Required work:
In the records below, find the line holding "Black Jack 21"; copy it and every line after it to the end, omitting all images.

Record excerpts:

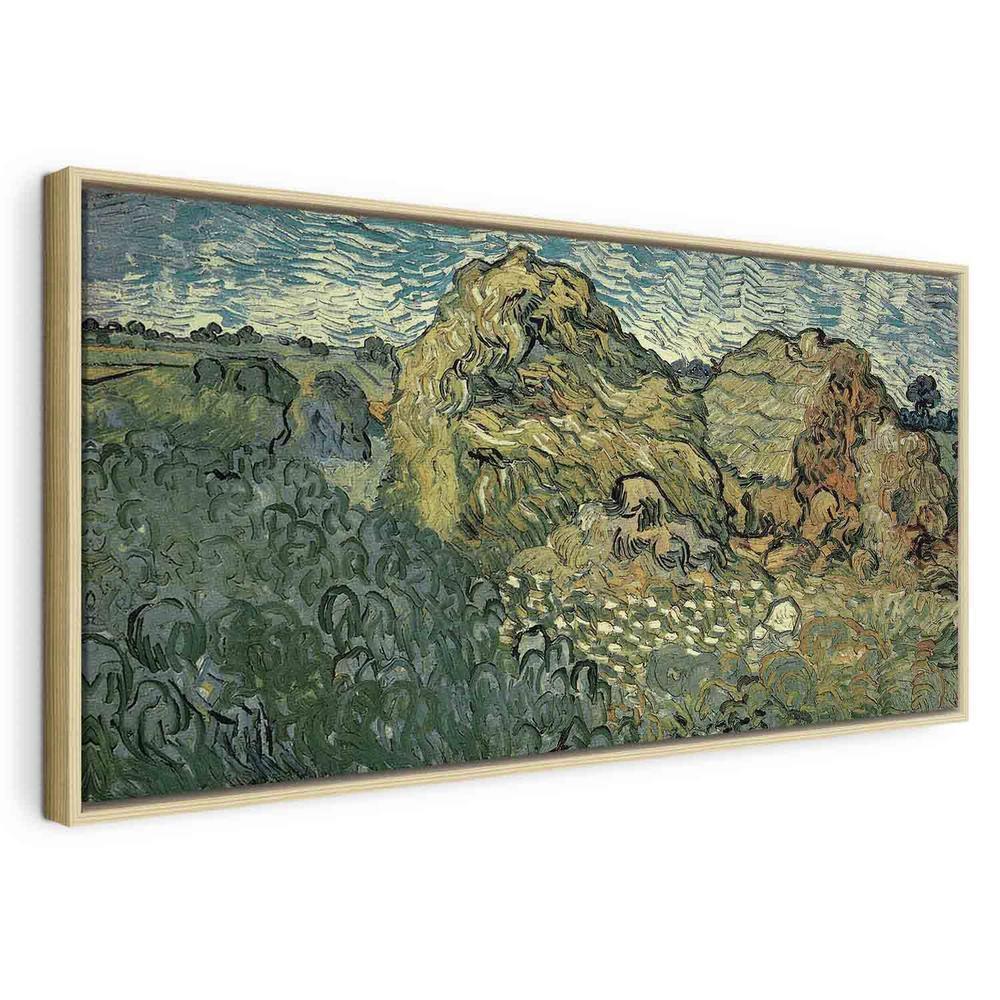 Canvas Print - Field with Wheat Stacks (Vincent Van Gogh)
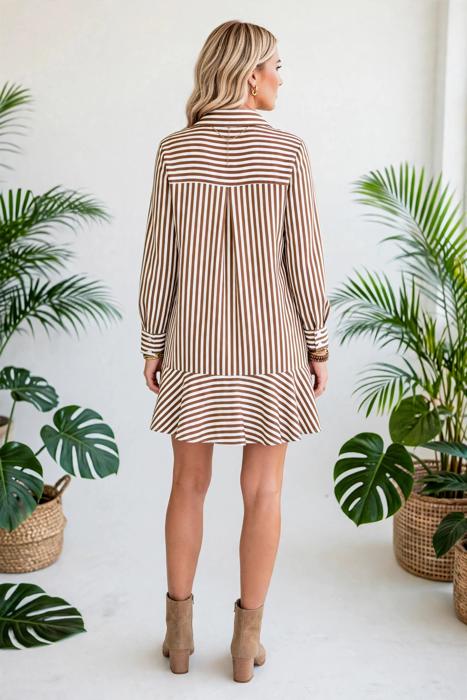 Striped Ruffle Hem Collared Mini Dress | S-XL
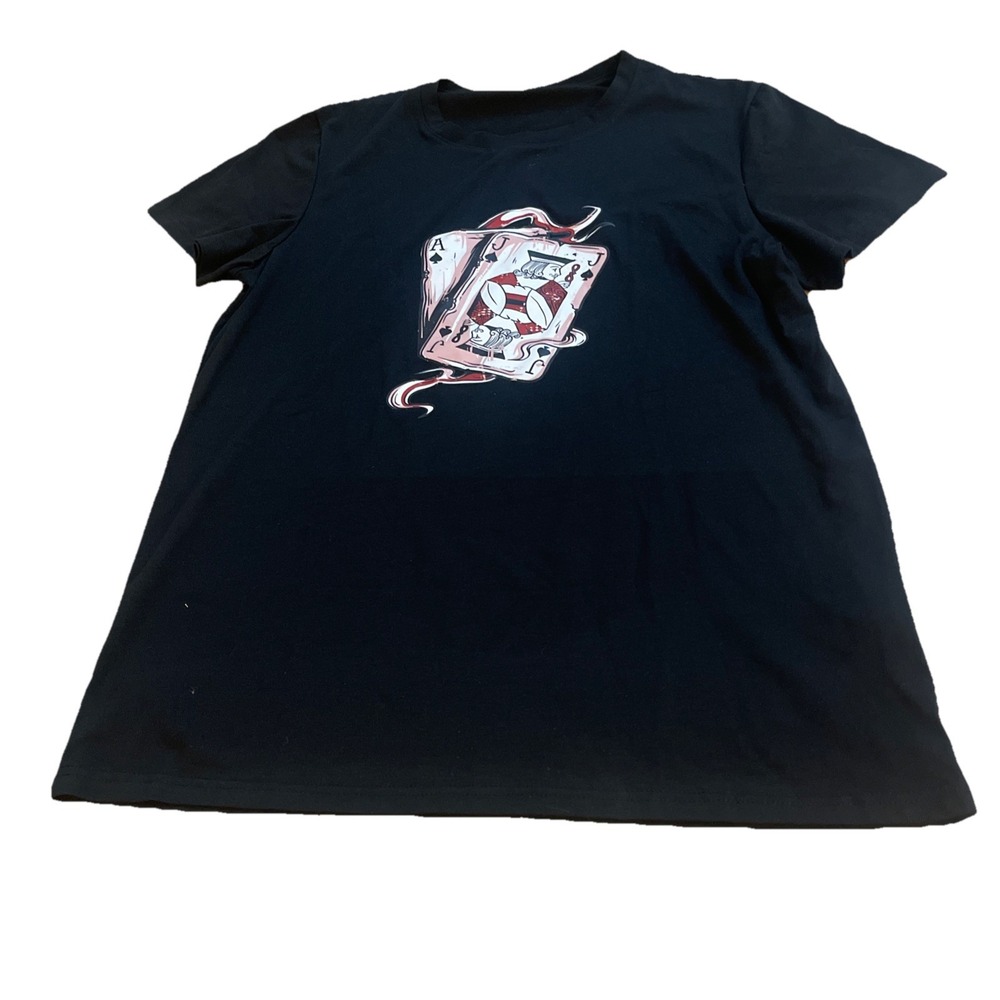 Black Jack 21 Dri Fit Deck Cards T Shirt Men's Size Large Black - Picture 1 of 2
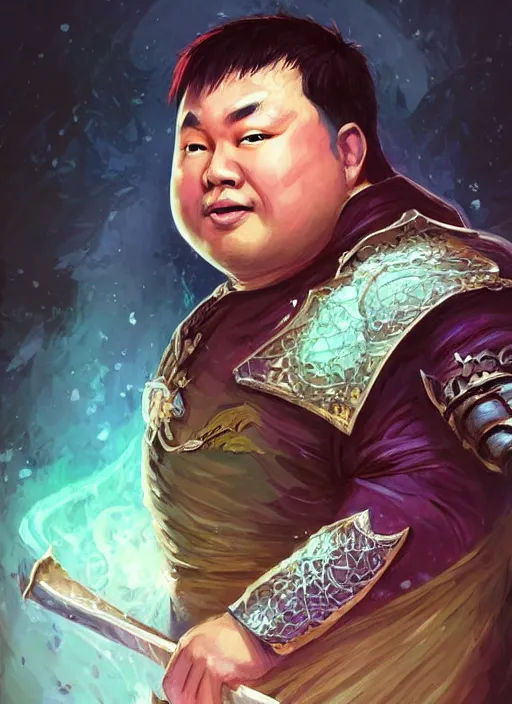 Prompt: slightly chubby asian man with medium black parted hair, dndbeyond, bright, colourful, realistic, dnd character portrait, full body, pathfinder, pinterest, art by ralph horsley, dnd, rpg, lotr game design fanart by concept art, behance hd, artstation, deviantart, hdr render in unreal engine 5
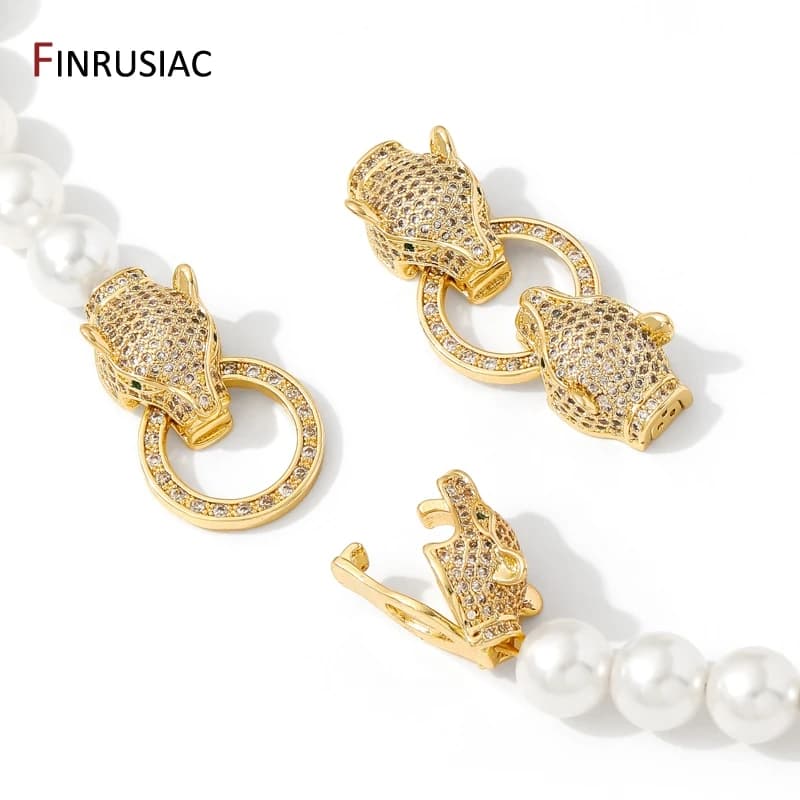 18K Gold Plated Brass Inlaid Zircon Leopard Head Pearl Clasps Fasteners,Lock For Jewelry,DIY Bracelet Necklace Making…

Final answer:
 Black Jack 21 Dri Fit Deck Cards T Shirt Men's Size Large Black - Picture 1 of 2
 Prompt: slightly chubby asian man with medium black parted hair, dndbeyond, bright, colourful, realistic, dnd character portrait, full body, pathfinder, pinterest, art by ralph horsley, dnd, rpg, lotr game design fanart by concept art, behance hd, artstation, deviantart, hdr render in unreal engine 5
 18K Gold Plated Brass Inlaid Zircon Leopard Head Pearl Clasps Fasteners,Lock For Jewelry,DIY Bracelet Necklace Making…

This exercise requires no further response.